True for every formula.

Question

For a formula $ \gamma = r \iff (p_1 \vee p_2) $ there is true that: $\rho \models \gamma \iff \rho(r) = \max(\rho(p_1), \rho(p_2))$

Is it a true for every formula r?

Answer 1

Your question is very terse and hard to understand. It is particularly confusing to use a symbol like $\iff$ both as an object language symbol (i.e., to form formulas) and as a metalanguage symbol (i.e., to abbreviate assertions about formulas).

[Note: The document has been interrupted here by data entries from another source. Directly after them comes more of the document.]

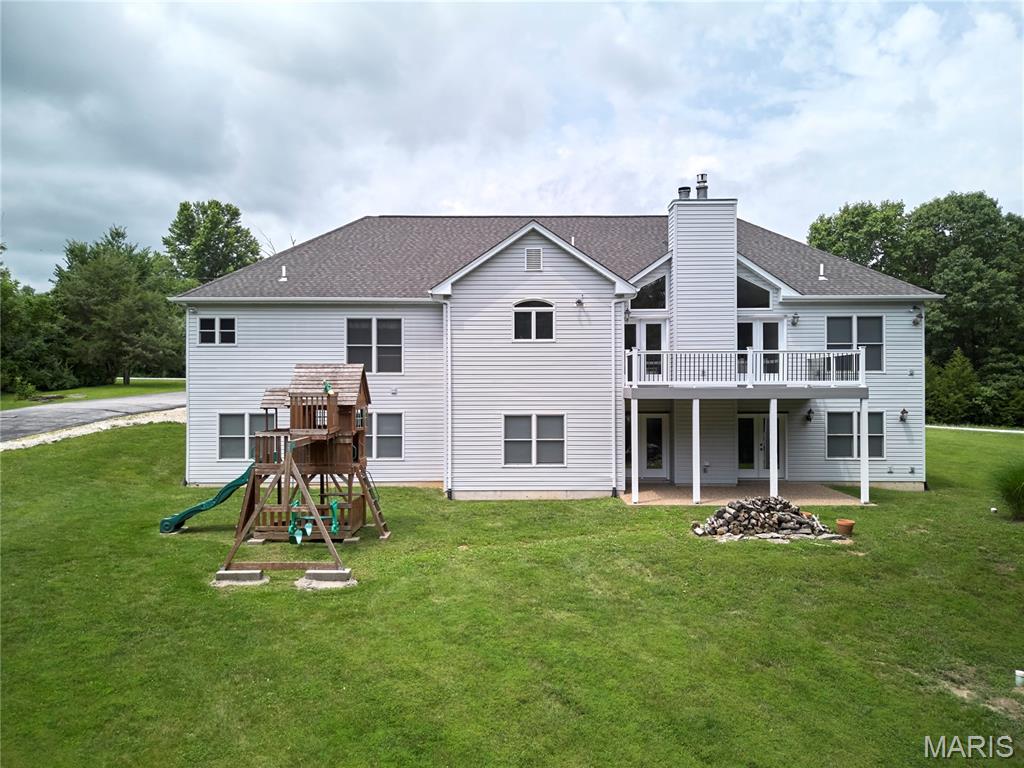 Sugar Crk Farms-Revised - Residential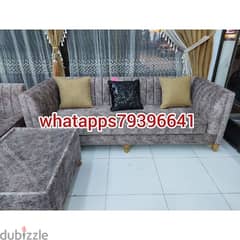 special offer new 5th seater sofa 160 rial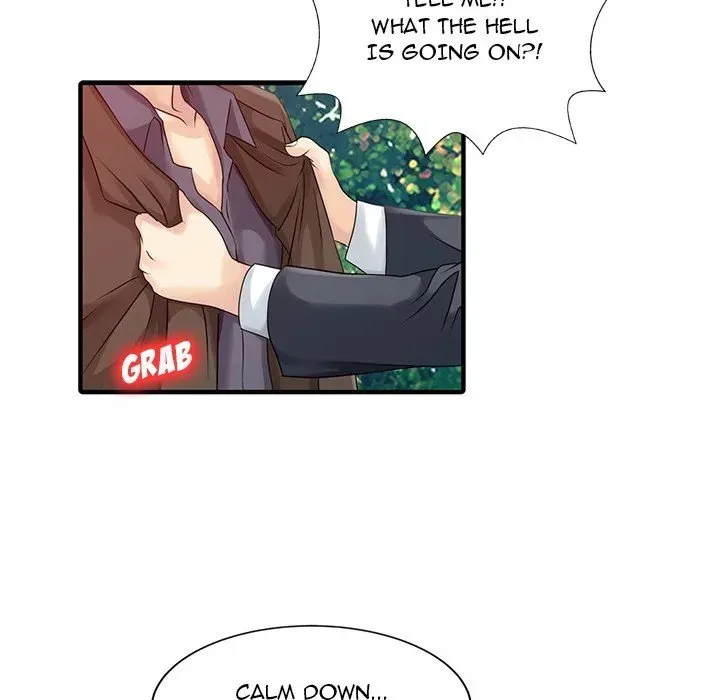 Read Two Wives chapter 18 image 57 on Lezhin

Let me write out (rather verbosely, by way of contrast) what I think you mean:

If $\gamma$ is the formula $r \Leftrightarrow (p_1 \lor p_2)$, is it true that under any assignment $\rho$, $\rho$ satisfies $\gamma$ iff the truth value $\rho(r)$ of $r$ under $\rho$ is equal to the larger of the truth values $\rho(p_1)$ and $\rho(p_2)$ (where we adopt the usual ordering of truth values so that truth is greater than falsehood)?

Assuming the usual definitions of everything involved, this is true and can be proved quite directly from the definition of the satisfaction relation $\models$. If you are having problems with this, you need to give some more details about the particular definitions you are working with and what you have tried.